School meals price rises leave bitter taste

Leaders forced to swallow extra costs or pass the increase on to parents

Leaders forced to swallow extra costs or pass the increase on to parents

22 Oct 2022, 5:00

Councils are increasing the prices of school meals as the cost of food, energy and wages for catering staff continues to rise.

Some schools have been forced to swallow the extra costs from their own budgets or pass the increase on to parents.

The rises come as the County Councils Network warns that local authorities will face “a winter of difficult decisions” as they set their budgets for the next financial year.

Cuts to school support services and home-to-school transport are among the services that could be affected.

Derbyshire County Council has approved a 10p increase in the price of a primary school meal this term, pushing up the cost of school meals by 4.5 per cent for 352 schools in the area.

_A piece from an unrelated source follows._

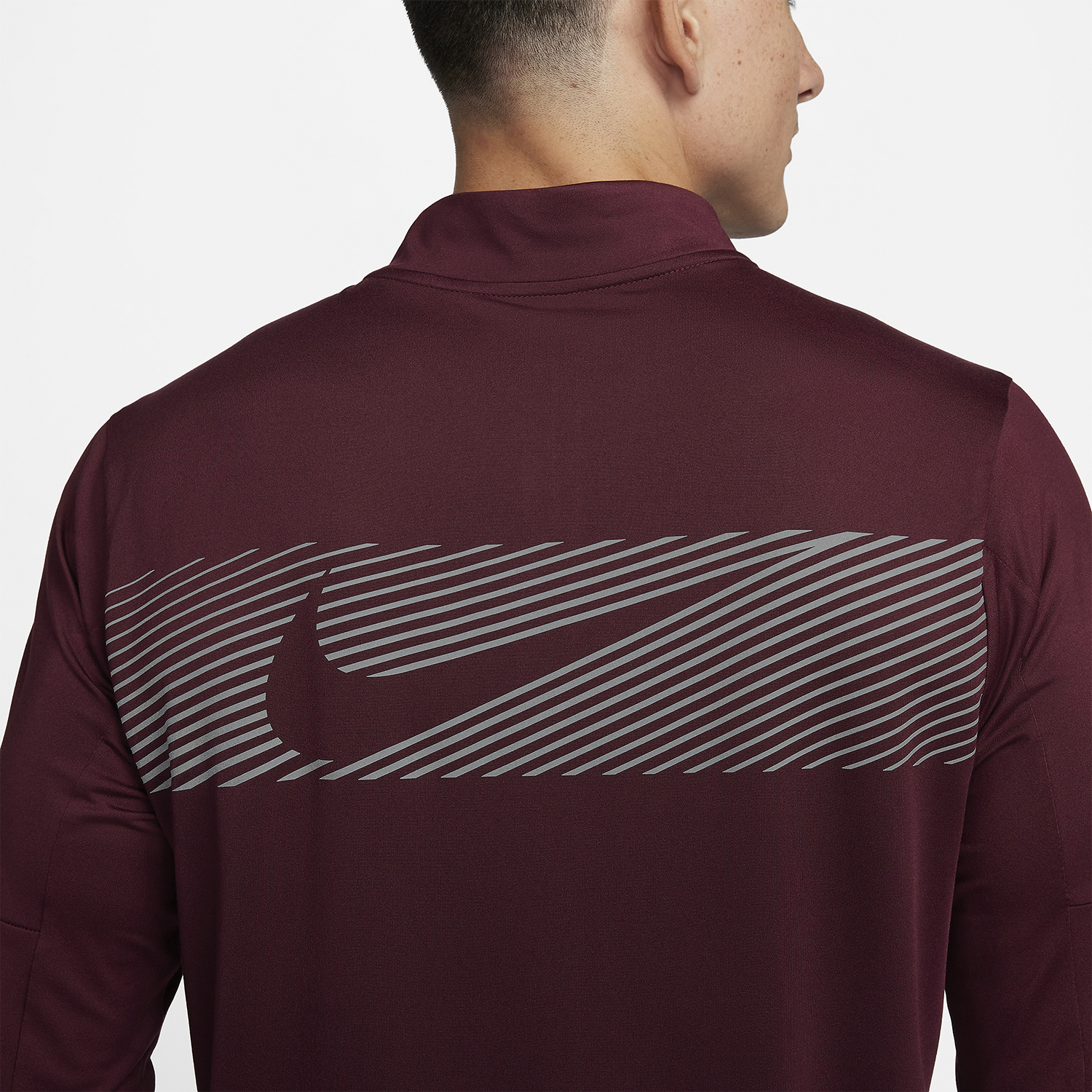 Nike Element Flash Maglia Night Maroon/Reflective Silver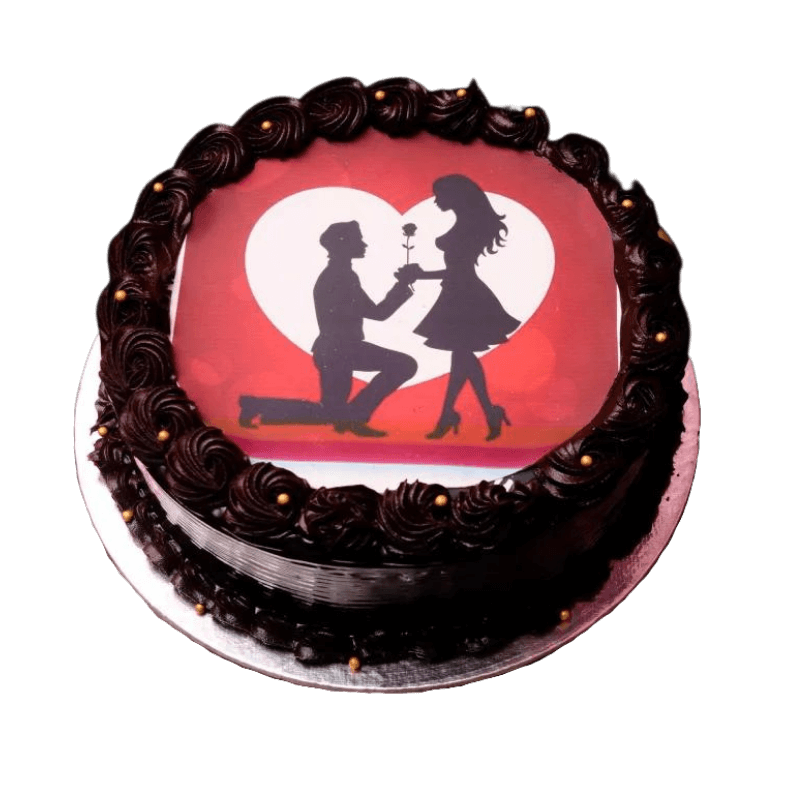 Order Couple Anniversary Cake Online From Varushi Cake Queen,Kharar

The council told Schools Week it did not subsidise the cost of its catering service and would not be offering any additional support to schools to cover the rise.

“The increase is, of course, a decision we’ve made reluctantly,” said the council’s education councillor, Alex Dale. “But I am more reluctant to compromise on the size and quality of our children’s meals.”

Hampshire County Council’s school meal provider, HC3S, will also increase prices by 20p a day from October 31 for 440 schools.

To help schools cope with these costs, the council said it was awarding schools nearly £1.6 million in discretionary grants from the Household Support Fund.

Council ‘subsidising’ school meals

Councillor Roz Chadd said: “The decision to increase the price of a school meal is regrettable, but unavoidable, and reflects the continuing increase in food, energy and other costs nationally, with which government funding has not kept pace. 

“Our focus now is on doing all that we can to bolster our support for vulnerable families over the challenging winter period and ensure that schools are adequately equipped to cover these additional costs.”

Stoke-on-Trent City Council also looks set to increase its charges for school meal catering and school crossing patrols, although the council said it was “limiting” and “subsidising” these increases to protect school budgets.

Many schools are already struggling to find the money to pay for school meals for their most vulnerable pupils.

Latest estimates from the National Education Union reveal the Department for Education is currently underfunding free school meals by £395 million a year.

Last week, the celebrity chef Jamie Oliver backed the Feed the Future campaign for free school meals to be extended to about 800,000 more children in households on universal credit.

School and education leaders representing more than one million teachers, support staff and others working with children have this week backed the calls.

Organisations include education unions, the Confederation of School Trusts and the National Governance Association.